『自然と稲作』


平成14年1月17日
日本青年社 群馬県本部 須 賀 和 男

 ふつう米作りといえば日本では、田植えをする。世界の稲作の7割は直播であるのに対し、日本ではもっぱら田植えが行われてきたのは、ひとえに雑草のためであった。雑草の育つ日本では、種モミを直に播いたのでは、草取りが難しい。最初のうちによほど丁寧に、稲か雑草かを見分けて除草しなければならない。これは大変な作業である。このためまず苗代をつくり、苗を密集して育て、苗がある程度成長してから水田に移植する。
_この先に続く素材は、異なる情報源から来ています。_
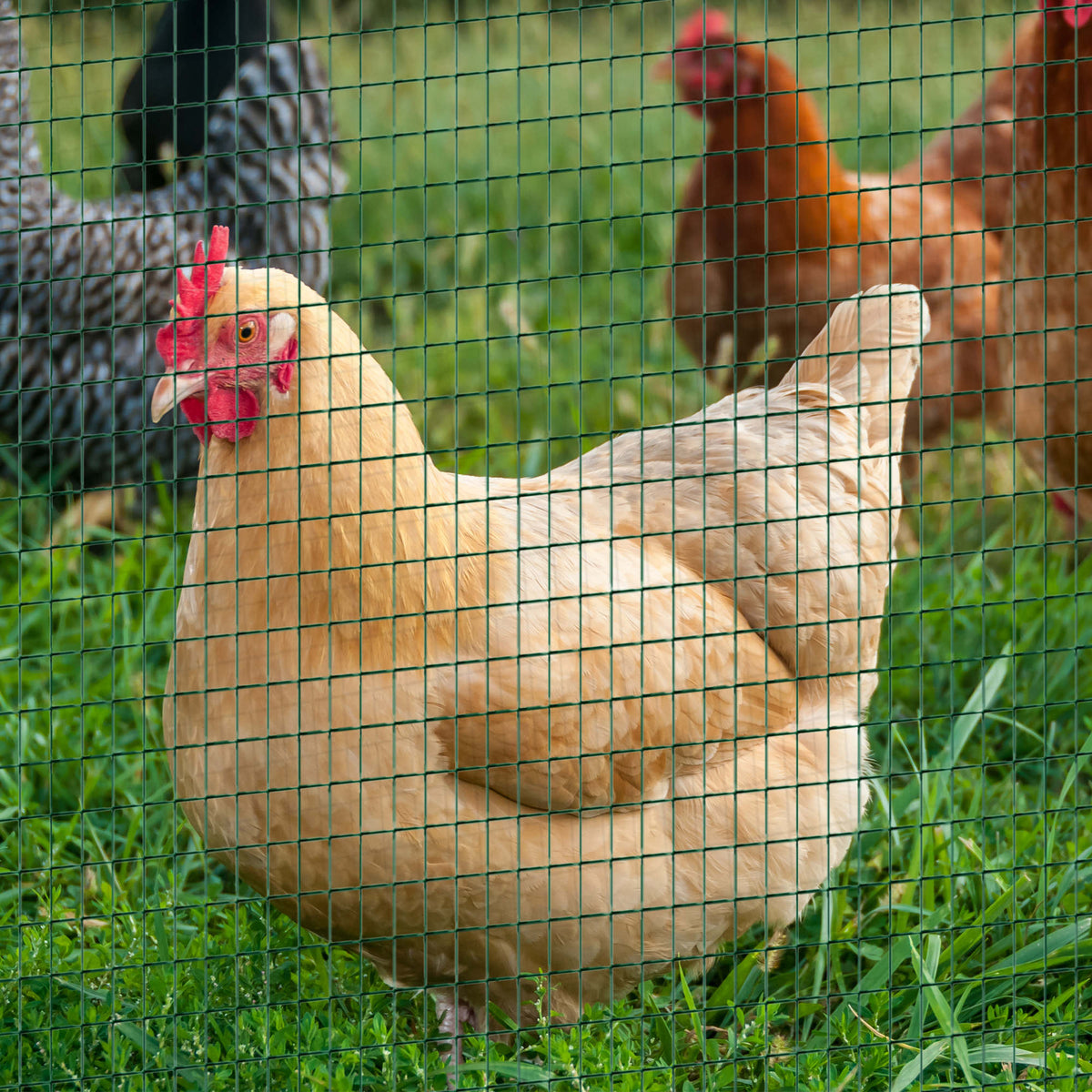 PVC enduit d'acier Poulet Lapin Mesh Fencing Wire Garden Frontière de clôture galvanisée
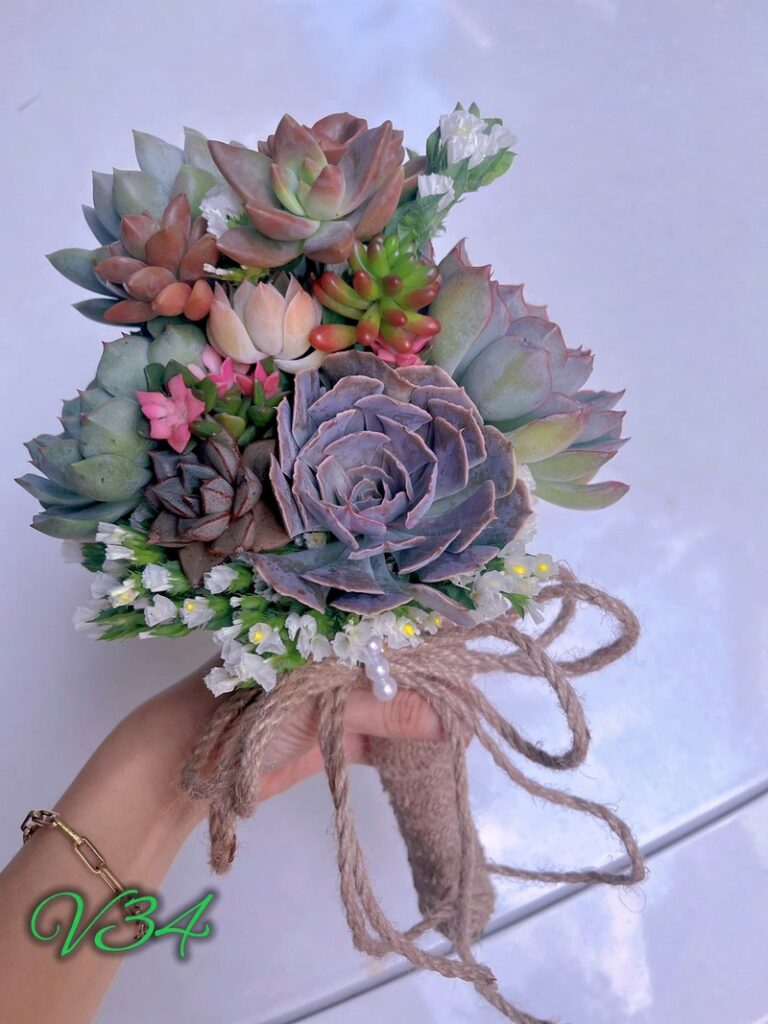 Bó Hoa Sen Đá Cầm Tay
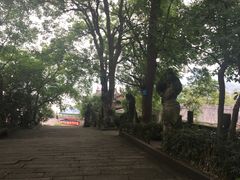 景点-丰都鬼城名山景区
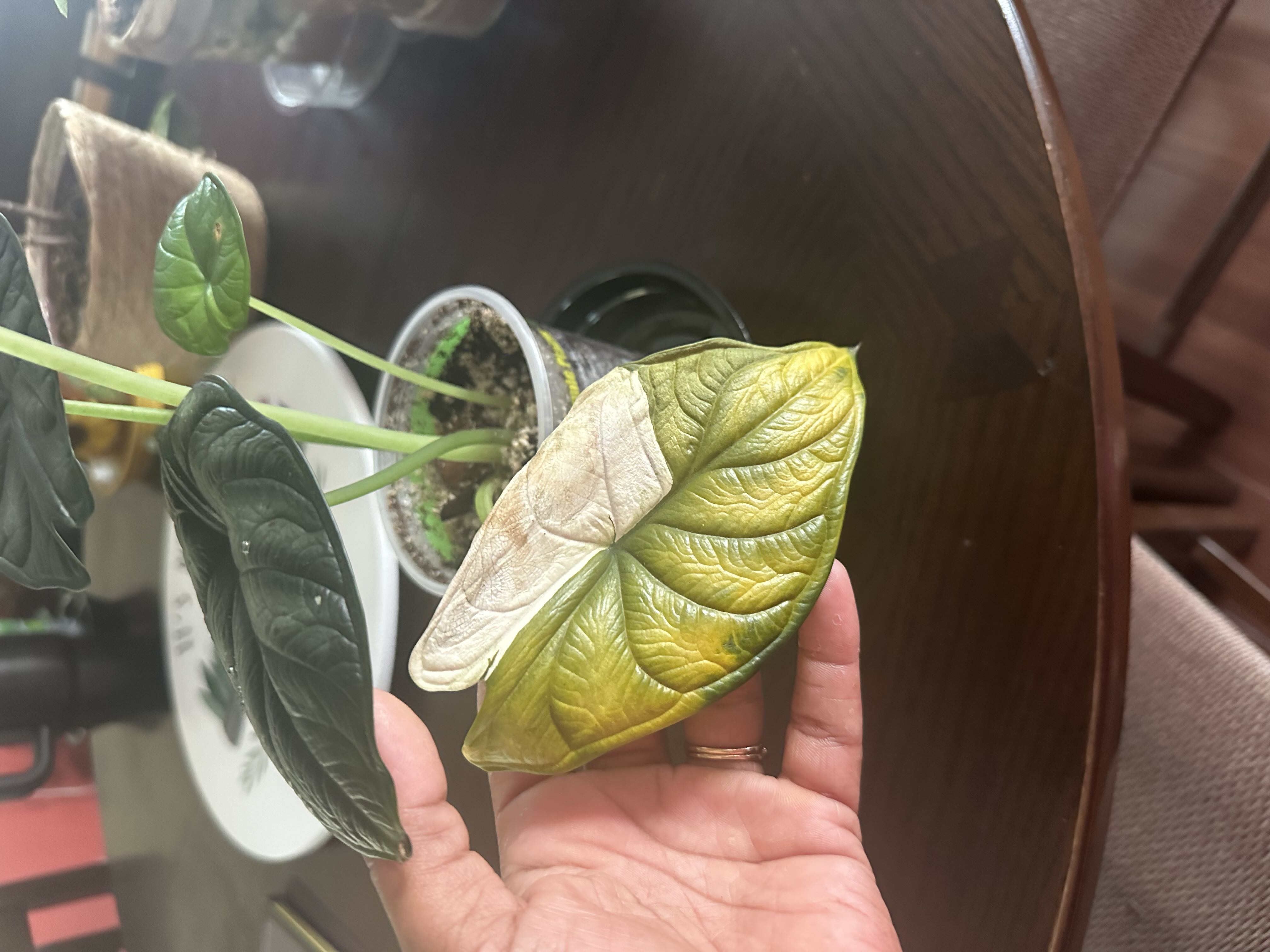 Photo from the post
そうすれば除草もずいぶんと楽になる。そこで編み出されたのが、田植えであった。

 日本の先祖たちはどれほどの魂と、労働と費用とを、幾世代にわたって投じ続けてきたことであったろうか。先祖たちが手をかけ、時には血を流し、命を捨ててまで懸命に守り、育ててきた農地である。

 農耕の歴史を過去にさかのぼってみると、日本の稲作が始まり、今日までたどってきた道のりの中で、農家の人が求めてきたことはたくさんあるが、深く耕すということが最も難しい問題の一つであった。それは、深耕して堆肥を入れ、土壌を肥やすということと土の温度を上げることが求められてきたからだ。深耕のできる田んぼというのは、水をある程度落とせる田んぼでなければ無理である。そのことが、自然の土地改良(灌排水)の問題につながるし、土地を深く起こすためには水を落とさなければならない。ところが、水を落とせる乾田は湿田よりも、場所によっては3倍くらいの水を要する。排水をよくするということは、灌漑のほうもよくしなければならない。両者があわされないと、乾田化しただけでは水が足りなくなってしまう。

 そういうことで、これを求めるとつぎにこれが求められるといった具合に、連鎖的に求め続けてきた日本の稲作の耕し方の歴史がある。かたや深耕して高い収量を上げるには、そこにすぐれた堆肥を入れていかねばならない。その堆肥のもとというのは、もちろん稲ワラも必要である。米は日本の風土にもっとも適した穀物だ。

 風土条件にあう穀物こそが、そこではもっとも効率的につくることができる。そういう穀物が主食となり、それを中心に食生活が構成されてきたのであって、どこの国でも食生活はその風土条件に根づいた農業生産、したがってその風土条件の中ではもっとも生産的な農業生産を基礎にして、伝統的につくられてきた。そして、伝統的につくられたその食生活は食文化として国民文化の一翼を構成し、どこの国でも容易には変わらないことを特質としてきた。

 むろん長い歴史の過程では農業生産のあり方も変わり、したがって食生活も変わることがあったが、わずか10年、20年で変わることはなかった。その意味で、「高度化」「近代化」として進められた戦後のわが国の食生活の変容が、一国の国民の食生活と農業生産との伝統的な結びつきをわずか20年で切り離したことは、きわめて特異な社会現象だといっていい。こうした急激な変容は、それぞれに多様な展開をみせてきた各国の長い歴史のなかでもあまり例がない。

 基本的農業とは、やはり自然の営み、植物が成育、それらが、生殖機能で実をつける、その成果をとる、あるいはその途中で葉を収穫するとか、いろいろな形はあるが、作物では、種から生えてつぎに種をおとすまでの一生の過程であるし、鶏が卵を生むのも、牛が牛乳をだすのも、これらすべて大部分が生殖に関係がある。もともと肉をとるものではなく、生殖というよりは成育過程であるが、いずれにしても、もとは自然にある植物や動物、その中の一つのの仲間であった人間が、そこから離れてそれを生産の対象にするということなのである。

 日本青年社は21世紀のスローガンに『自然と共生 環境と調和』を掲げているが、やはり農業も基本は自然の環境を取り戻すことだ。環境を取り戻すということは、自然主義でも懐古主義でもない、21世紀は、20世紀の大量生産・大量消費・大量廃棄の工業化社会をどうやって廃棄物のない環境型社会に作り変えていくかが最大の課題であり、そこに人類の未来がかかっているといわれている。それは人間の物質的欲望を極限まで刺激し、肥大化させることを推進力として発展してきた市場経済をどのように変えていくかということである。『自然の環境を取り戻すこと』は、決して農家や農業だけにとどまる提起ではない。私たち人間もまた地球上の生きとし生けるものと共に大きな自然の環境の中にあるのだという死生観が育んでいかない限り、人類は死滅への道を歩むことになるのではないだろうか。